What you are asked to do =>
Range to repeat from the listing below: the line containing "HKK Zrinjski: Održano" down to the line containing "2003 TOYOTA COROLLA", both included. Copy it exactly, pictures excluded, and add nothing else.

Supplied material =>
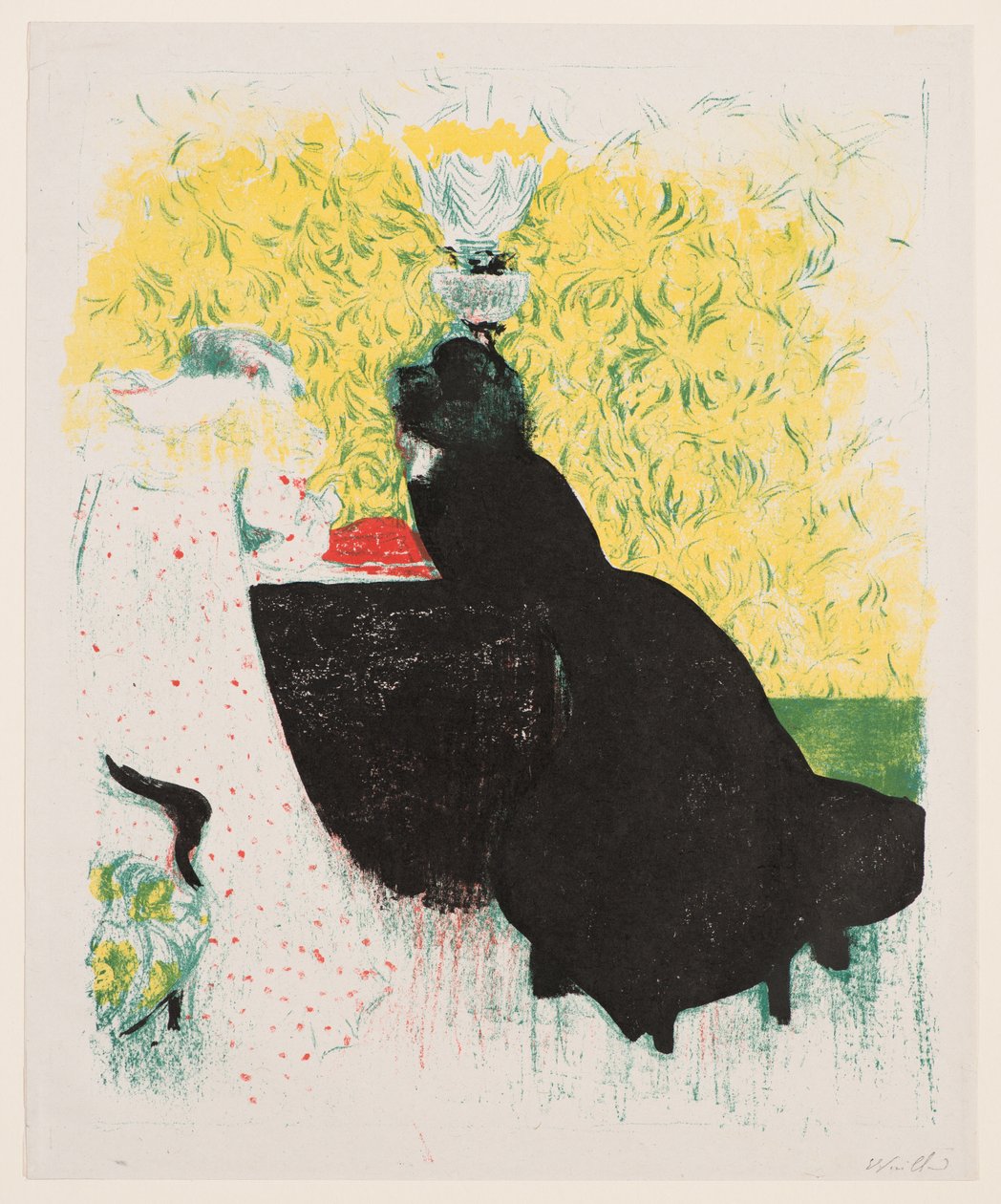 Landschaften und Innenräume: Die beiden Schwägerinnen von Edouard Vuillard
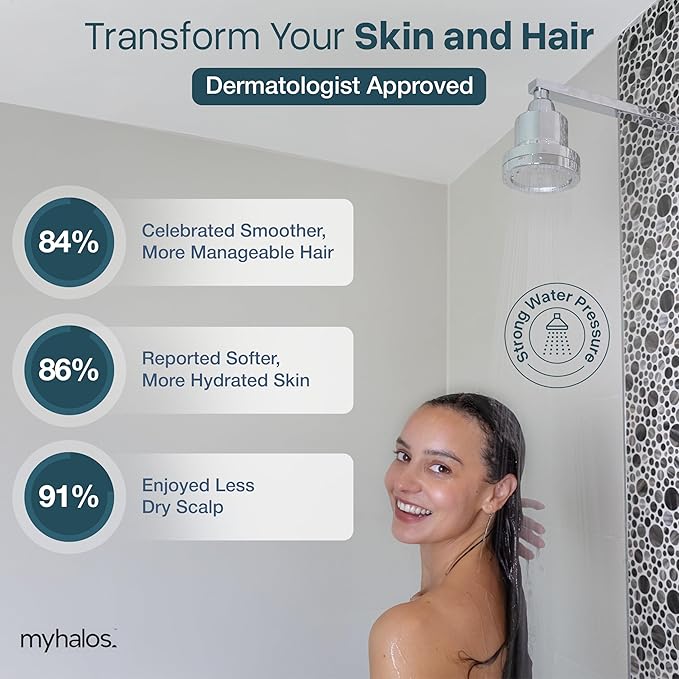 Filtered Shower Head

--

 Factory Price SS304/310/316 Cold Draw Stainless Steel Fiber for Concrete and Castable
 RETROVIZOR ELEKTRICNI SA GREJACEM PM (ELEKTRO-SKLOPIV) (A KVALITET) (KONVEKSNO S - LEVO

--

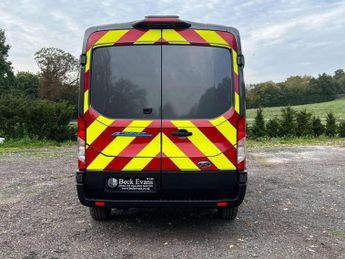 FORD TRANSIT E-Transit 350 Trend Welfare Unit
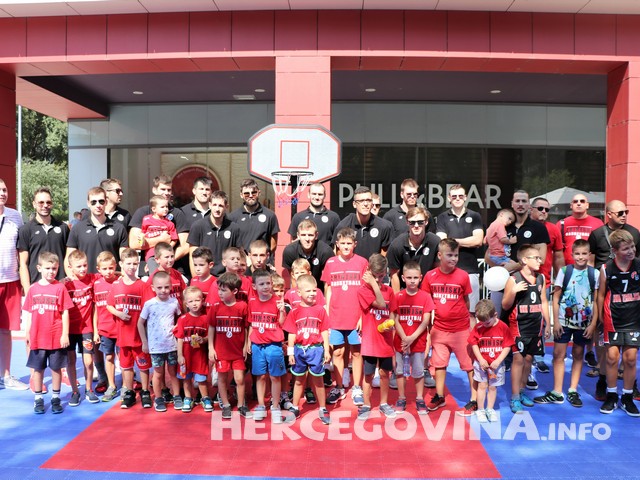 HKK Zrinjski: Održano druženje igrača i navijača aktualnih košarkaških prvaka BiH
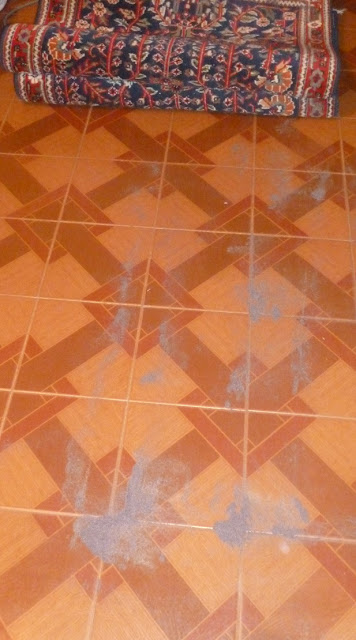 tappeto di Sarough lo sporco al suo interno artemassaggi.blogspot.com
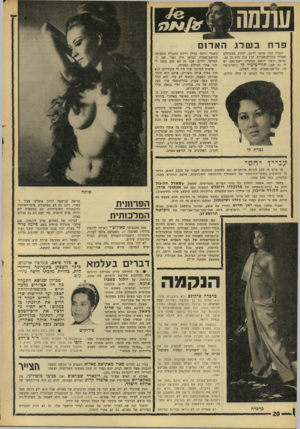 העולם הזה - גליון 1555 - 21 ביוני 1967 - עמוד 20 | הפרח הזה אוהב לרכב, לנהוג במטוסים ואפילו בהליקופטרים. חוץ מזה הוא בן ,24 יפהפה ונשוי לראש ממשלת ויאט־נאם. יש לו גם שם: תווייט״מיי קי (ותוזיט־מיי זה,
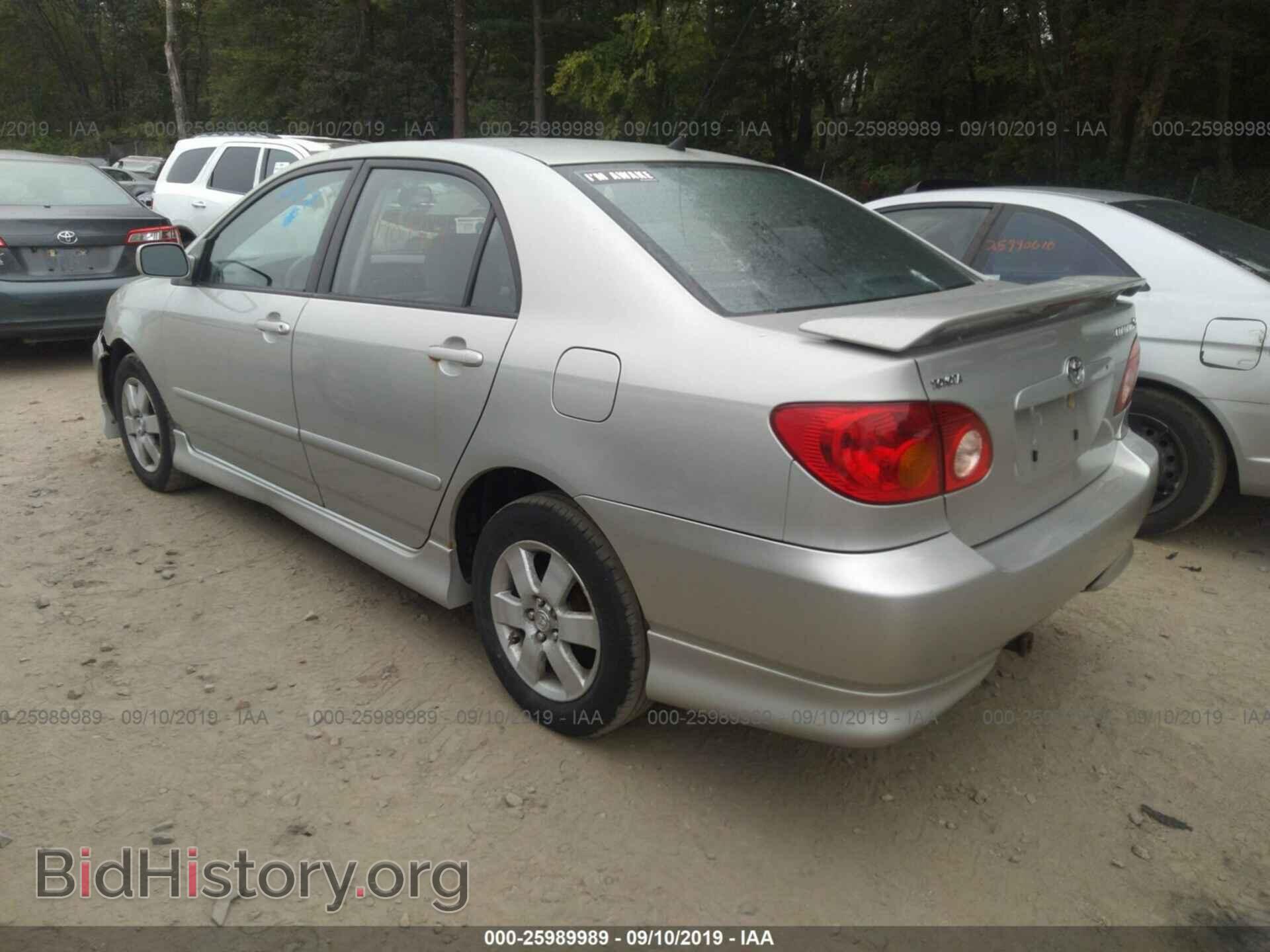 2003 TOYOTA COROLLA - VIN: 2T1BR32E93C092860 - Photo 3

Written answer =>
 HKK Zrinjski: Održano druženje igrača i navijača aktualnih košarkaških prvaka BiH
 tappeto di Sarough lo sporco al suo interno artemassaggi.blogspot.com
 העולם הזה - גליון 1555 - 21 ביוני 1967 - עמוד 20 | הפרח הזה אוהב לרכב, לנהוג במטוסים ואפילו בהליקופטרים. חוץ מזה הוא בן ,24 יפהפה ונשוי לראש ממשלת ויאט־נאם. יש לו גם שם: תווייט״מיי קי (ותוזיט־מיי זה,
 2003 TOYOTA COROLLA - VIN: 2T1BR32E93C092860 - Photo 3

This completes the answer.